■ **Task item**
In the records below, repeat word for word only the lines starting at the one that contains "Single black tourmaline" and ending at the one that contains "سبورتج موديل 2009", pictures excluded.

■ **Data**
[Start of section]

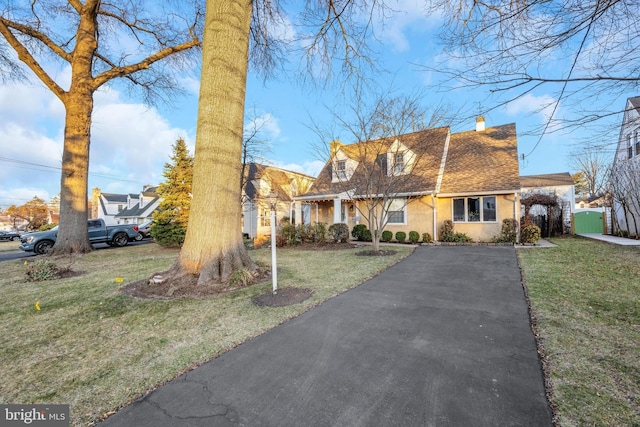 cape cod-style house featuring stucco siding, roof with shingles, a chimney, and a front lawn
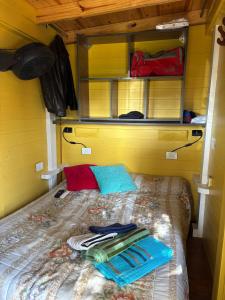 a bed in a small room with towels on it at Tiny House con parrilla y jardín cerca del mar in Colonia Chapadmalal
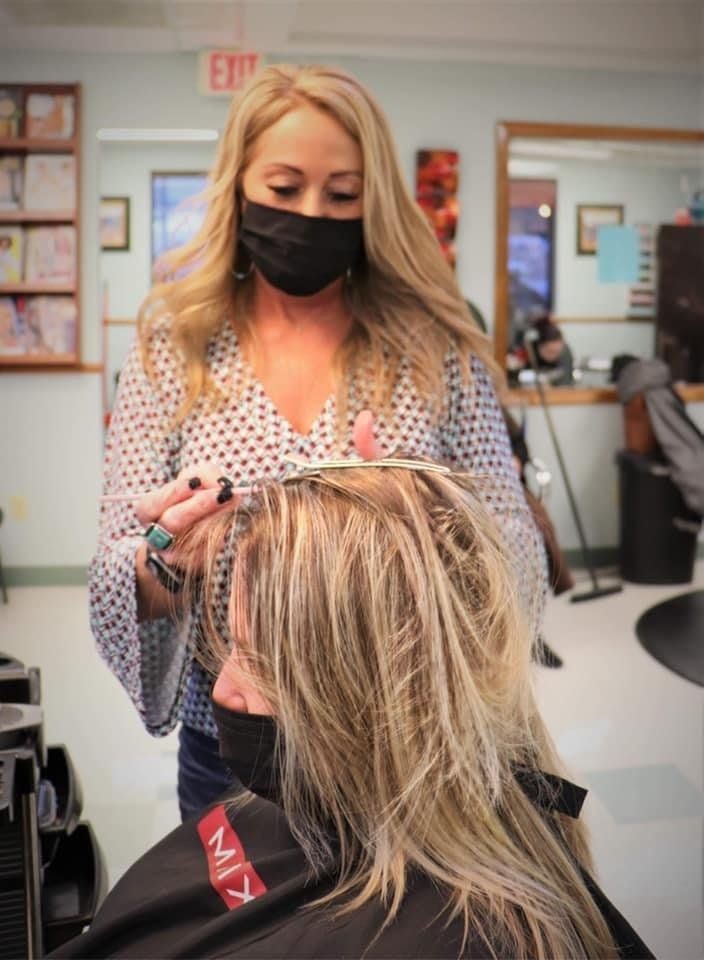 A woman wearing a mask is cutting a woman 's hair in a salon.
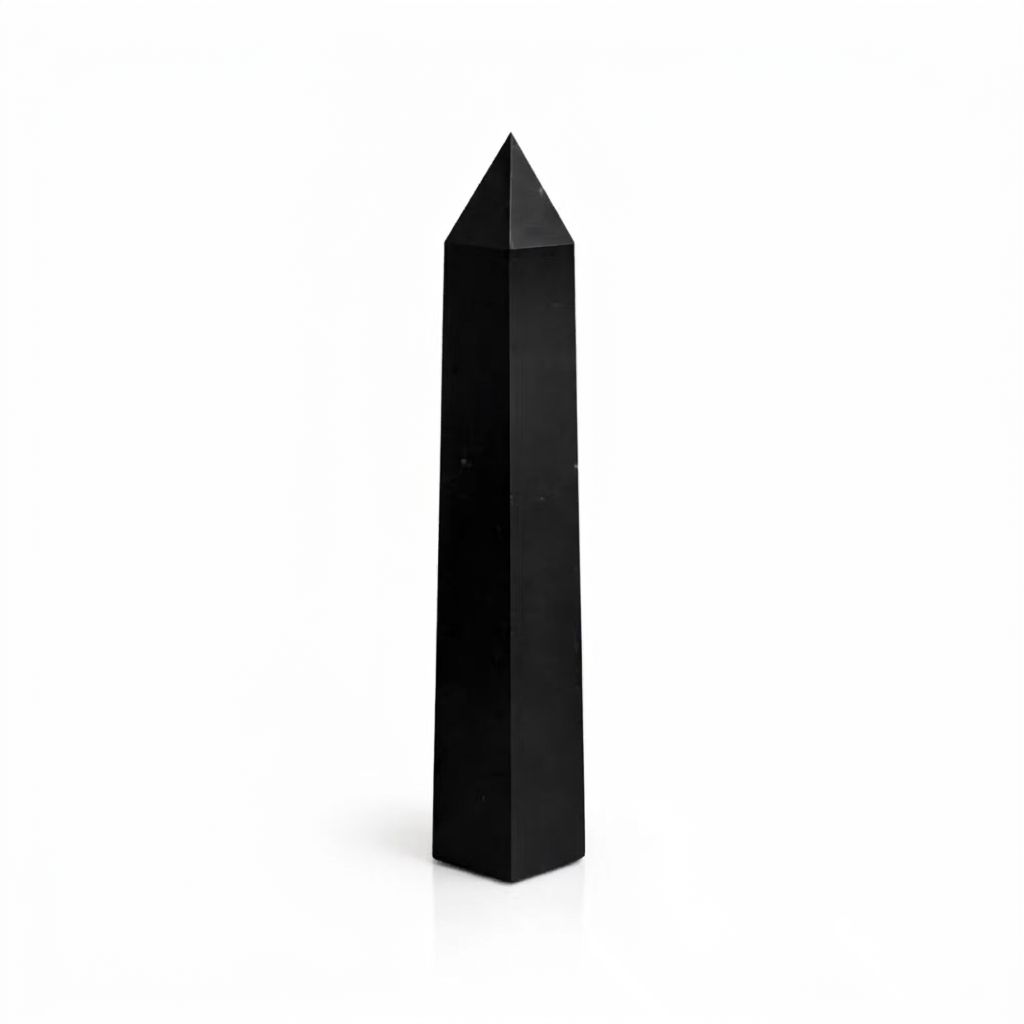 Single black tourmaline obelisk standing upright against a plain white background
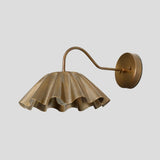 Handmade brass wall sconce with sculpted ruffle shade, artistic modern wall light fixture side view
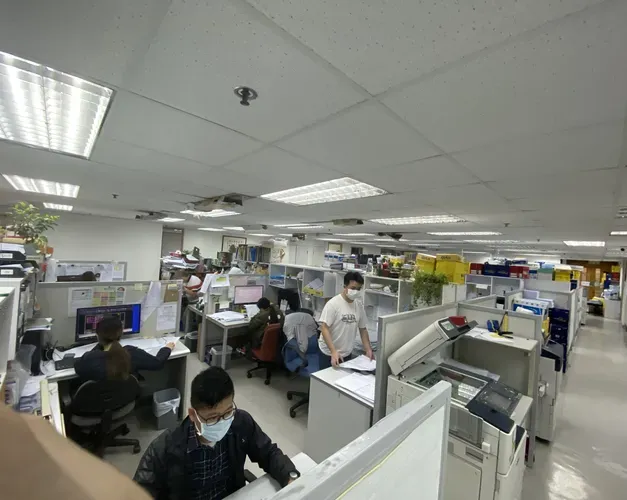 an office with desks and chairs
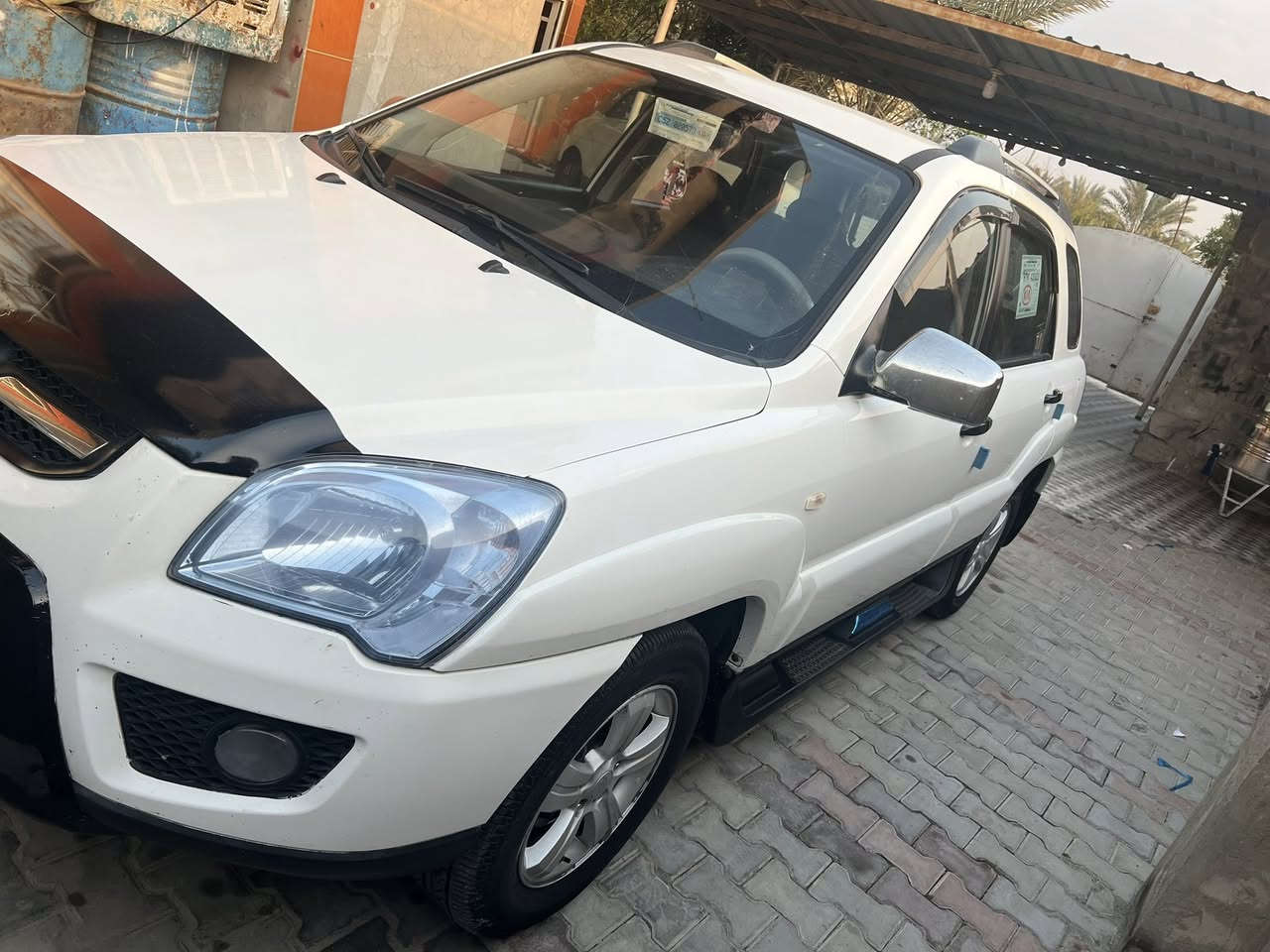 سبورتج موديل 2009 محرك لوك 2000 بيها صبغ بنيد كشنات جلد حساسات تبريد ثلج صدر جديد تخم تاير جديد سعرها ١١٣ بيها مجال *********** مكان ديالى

[End of section]
[Start of section]

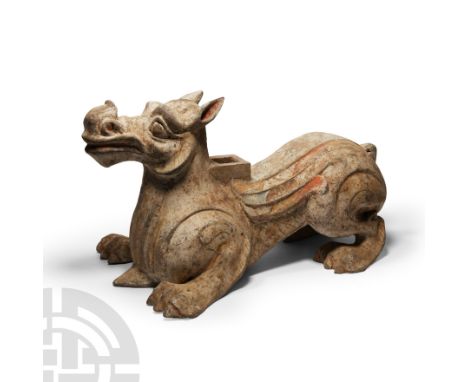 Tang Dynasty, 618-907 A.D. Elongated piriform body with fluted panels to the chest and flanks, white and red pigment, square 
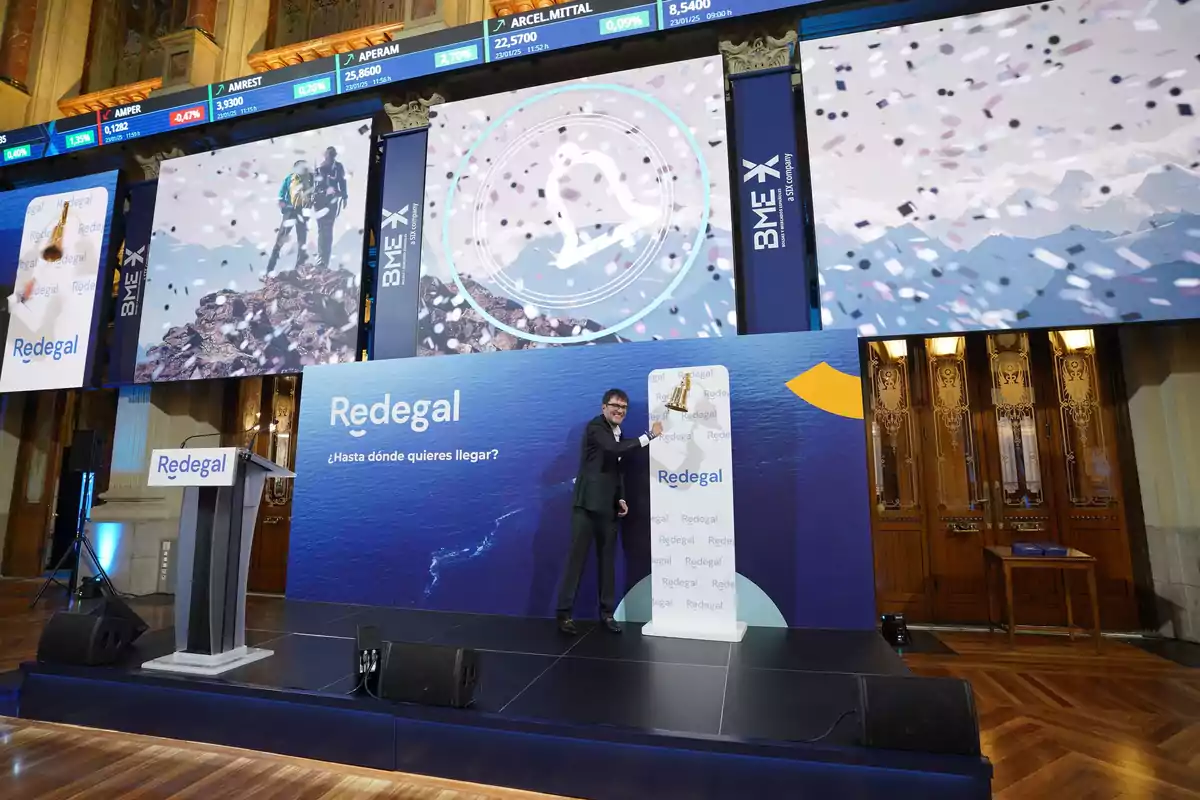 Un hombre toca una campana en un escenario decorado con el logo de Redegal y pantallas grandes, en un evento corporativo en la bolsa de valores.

[End of section]

■ **Task response**
 Single black tourmaline obelisk standing upright against a plain white background
 Handmade brass wall sconce with sculpted ruffle shade, artistic modern wall light fixture side view
 an office with desks and chairs
 سبورتج موديل 2009 محرك لوك 2000 بيها صبغ بنيد كشنات جلد حساسات تبريد ثلج صدر جديد تخم تاير جديد سعرها ١١٣ بيها مجال *********** مكان ديالى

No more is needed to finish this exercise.